The technology involved in the project is full of ambitious and radical ideas. For instance, they will include hundreds of sensors to collect data about the urban environment, including “hyperlocal weather,” air quality sensors, and cameras with artificial intelligence software to track the traffic flow in order to make use of dynamic signage, along with guidance from smartphone apps. The access to these sensors will be open to the public, but new regulations will be needed given that this is the first time a project like has been attempted.
"This is the big frontier around smart cities," said Pamela Robinson, a professor at Ryerson University's School of Urban and Regional Planning who is researching data and smart cities. "Do proprietary relationships between corporations and governments make data more closed? Probably they do, but governments have made commitments to open data. So how does that get resolved?"

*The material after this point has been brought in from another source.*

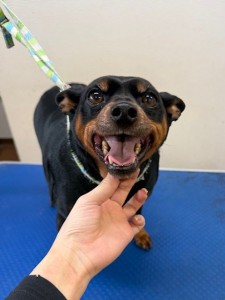 4d1254de-e6f6-46b3-9e82-99ec2c1198aa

Other novel ideas to be implemented in Sidewalk Toronto include, among many others:
- Self-driving taxibots and buses. Taxibots — the transportation backbone of the neighborhood — are small, self-driving cars controlled by app-based services such as Lyft.
- Smart parking. Prices for parking will vary based on real-time availability.
- Garbage robots. Industrial robots, moving in an underground network of utility tunnels, would manage the collection of trash and recyclables.
- Smart buildings. This includes flexible and modular buildings.
- Flexible but walkable streets.
With all these unique innovations, Sidewalk Labs promises to make life for the residents much improved: more comfortable weather, reduction of greenhouse gases by 73 percent and reduction of potable water consumption by 65 percent and landfill waste by 90 percent.
It is indeed a very ambitious project!